サウンド・オブ・サンダー
ピーター・ハイアムスがシド・ミードのデザインした未来世界を舞台にブラッドベリの原作で映画を作ったと聞けば、10台の頃ツルモトルーム版「スターログ」を貪るように読んでいた私に見に行くなといっても無理な相談である。
タイムマシンで大金持ちを過去に連れていって恐竜狩りをさせていたら、何か気が付かないうちに過去に介入してしまっていて、その影響が現代の世界を変貌させてしまう。現代に戻った主人公たちはそのことに気付き、世界を元に戻すために原因を突き止めようとする、という話。なんか面白そうでしょ。割と面白いんですよ。ただし、話の焦点はタイムパラドックスにまつわるロジックにあるのではなくて、進化の道筋が狂ったために現われた異形の生物(アフター・マンかはたまたフューチャー・イズ・ワイルドかと言った趣)が跋扈する世界を如何にして通り抜けるかというもの。つまり、SFというより怪獣アドベンチャーに近い。でも、これは決して悪い方に作用したわけじゃなくって、ピーター・ハイアムスの資質にあっていたのですね。つまりこの作品は良きB級ってこと。
B級と言えば主役のエドワード・バーンズであって、これが仰々しい未来の銃に迷彩服+宇宙服のようなヘルメットをまとって現われるのはもう好事家にはたまらない。最後近くのヒロインの変身のとぼけた味わいも、これぞB級テイスト。
でも、製作費だけはたいそうかかっているようで、聞くところによると経費節約のためにプラハで撮影していたら(最近よく聞く策ですな)、2002年に起こったエルベ川の氾濫によるプラハ大洪水でセットが大被害を被ってしまったかららしい。で、一時は完成も危ぶまれていたものをなんとかかんとか纏めあげたとか。特撮も色んな国のラボに依頼したせいでレベルがまちまちで、シーンによっては背景から登場人物が完全に浮き上がってるところとかあった。最初見た時は、あまりのウソクササにバーチャルリアリティーのシーンという設定かと思ったよ。

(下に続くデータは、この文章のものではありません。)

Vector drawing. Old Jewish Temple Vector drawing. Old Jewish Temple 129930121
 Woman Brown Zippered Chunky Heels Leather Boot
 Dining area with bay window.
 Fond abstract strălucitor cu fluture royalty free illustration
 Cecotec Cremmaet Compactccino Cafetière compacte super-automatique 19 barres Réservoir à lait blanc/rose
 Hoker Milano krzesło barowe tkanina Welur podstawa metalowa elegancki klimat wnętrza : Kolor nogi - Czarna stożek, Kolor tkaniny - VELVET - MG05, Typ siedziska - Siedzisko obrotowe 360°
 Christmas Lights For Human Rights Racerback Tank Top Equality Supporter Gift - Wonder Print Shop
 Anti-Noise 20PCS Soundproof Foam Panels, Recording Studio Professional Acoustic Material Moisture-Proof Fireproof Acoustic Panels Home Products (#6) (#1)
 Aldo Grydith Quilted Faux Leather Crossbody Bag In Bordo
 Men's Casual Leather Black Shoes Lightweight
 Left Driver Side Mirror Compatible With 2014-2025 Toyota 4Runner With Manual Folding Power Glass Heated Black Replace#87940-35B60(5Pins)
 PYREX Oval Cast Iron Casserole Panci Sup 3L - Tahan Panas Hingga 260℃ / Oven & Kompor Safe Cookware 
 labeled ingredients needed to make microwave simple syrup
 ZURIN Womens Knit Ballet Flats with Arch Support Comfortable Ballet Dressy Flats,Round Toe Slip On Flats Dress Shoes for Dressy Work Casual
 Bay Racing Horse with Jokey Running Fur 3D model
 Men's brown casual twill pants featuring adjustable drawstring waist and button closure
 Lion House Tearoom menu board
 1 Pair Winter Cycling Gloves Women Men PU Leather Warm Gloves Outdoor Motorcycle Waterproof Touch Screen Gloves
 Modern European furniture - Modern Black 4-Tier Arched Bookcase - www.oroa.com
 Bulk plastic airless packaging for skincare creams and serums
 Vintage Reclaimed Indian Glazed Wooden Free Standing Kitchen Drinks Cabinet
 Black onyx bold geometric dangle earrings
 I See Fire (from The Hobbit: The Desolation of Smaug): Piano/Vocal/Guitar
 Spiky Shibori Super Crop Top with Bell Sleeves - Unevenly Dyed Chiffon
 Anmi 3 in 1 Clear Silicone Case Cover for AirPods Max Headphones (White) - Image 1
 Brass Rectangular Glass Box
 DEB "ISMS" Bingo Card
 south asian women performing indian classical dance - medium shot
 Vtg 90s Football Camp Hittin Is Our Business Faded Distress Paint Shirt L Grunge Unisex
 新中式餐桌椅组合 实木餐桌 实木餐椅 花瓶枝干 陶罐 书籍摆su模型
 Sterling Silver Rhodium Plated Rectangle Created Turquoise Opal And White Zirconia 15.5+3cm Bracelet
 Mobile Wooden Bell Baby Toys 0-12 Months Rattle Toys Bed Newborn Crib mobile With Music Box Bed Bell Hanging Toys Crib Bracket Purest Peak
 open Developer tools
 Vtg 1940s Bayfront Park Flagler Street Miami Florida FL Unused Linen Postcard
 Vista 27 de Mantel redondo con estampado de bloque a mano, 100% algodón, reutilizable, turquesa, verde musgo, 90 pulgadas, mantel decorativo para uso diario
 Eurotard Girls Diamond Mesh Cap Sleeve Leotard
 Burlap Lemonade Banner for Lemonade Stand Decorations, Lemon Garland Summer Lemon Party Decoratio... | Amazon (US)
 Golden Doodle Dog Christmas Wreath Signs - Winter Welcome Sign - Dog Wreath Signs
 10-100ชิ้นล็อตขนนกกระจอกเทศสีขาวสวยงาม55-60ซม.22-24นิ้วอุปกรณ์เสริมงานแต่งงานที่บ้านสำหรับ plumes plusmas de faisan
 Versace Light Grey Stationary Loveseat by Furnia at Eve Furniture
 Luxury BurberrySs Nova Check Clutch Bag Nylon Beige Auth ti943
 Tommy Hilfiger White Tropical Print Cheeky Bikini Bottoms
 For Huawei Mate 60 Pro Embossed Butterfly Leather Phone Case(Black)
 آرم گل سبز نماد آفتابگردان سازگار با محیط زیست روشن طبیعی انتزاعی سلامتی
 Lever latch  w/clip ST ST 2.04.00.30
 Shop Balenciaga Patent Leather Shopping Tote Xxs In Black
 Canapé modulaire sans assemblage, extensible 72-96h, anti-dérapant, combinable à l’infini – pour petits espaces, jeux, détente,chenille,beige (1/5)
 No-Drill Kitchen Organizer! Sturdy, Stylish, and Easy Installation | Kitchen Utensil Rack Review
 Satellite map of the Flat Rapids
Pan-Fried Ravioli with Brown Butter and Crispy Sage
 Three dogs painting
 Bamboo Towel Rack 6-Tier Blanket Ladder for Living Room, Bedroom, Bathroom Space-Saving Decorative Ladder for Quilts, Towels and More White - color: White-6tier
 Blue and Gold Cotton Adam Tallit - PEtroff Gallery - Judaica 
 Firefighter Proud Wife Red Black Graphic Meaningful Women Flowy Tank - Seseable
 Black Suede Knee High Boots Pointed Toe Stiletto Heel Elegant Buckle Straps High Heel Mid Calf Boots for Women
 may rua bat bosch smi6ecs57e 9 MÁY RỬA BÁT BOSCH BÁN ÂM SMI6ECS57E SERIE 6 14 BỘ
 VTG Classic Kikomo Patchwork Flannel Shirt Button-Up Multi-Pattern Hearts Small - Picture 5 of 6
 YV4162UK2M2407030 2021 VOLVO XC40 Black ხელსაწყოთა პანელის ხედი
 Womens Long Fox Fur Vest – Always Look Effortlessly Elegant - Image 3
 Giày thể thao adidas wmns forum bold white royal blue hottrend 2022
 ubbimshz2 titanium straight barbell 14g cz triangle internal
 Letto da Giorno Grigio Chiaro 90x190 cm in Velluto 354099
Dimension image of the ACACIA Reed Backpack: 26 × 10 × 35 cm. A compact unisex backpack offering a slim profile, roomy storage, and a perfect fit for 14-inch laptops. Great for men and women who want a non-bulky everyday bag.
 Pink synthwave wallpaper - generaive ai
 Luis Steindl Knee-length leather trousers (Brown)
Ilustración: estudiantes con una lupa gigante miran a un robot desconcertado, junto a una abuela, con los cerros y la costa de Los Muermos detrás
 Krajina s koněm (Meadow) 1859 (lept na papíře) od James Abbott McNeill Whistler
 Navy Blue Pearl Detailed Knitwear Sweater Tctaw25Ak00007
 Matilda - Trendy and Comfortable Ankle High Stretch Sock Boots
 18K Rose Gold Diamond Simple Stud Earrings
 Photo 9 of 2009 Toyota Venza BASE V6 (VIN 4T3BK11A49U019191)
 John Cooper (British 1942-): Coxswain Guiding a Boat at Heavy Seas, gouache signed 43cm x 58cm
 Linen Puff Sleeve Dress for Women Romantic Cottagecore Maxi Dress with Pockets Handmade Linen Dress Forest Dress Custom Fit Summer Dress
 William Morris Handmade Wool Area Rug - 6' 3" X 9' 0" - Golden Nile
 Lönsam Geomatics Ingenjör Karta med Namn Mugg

まあ、それはともかくとして、この作品の工夫は、過去を変えた影響が即座に現在に及ぶのではなくて、タイムラグを持って現われるということ(劇中では時の波として表現される)。これのおかげで、現在に戻った主人公たちが、小さな異変から徐々に事態の異常さがエスカレートしていくと言う、お話上の盛り上がりを作る事ができたわけである。タイムトラベルものの設定としては邪道な気もしないではないが、映画作品としてはこれもアリかと思う。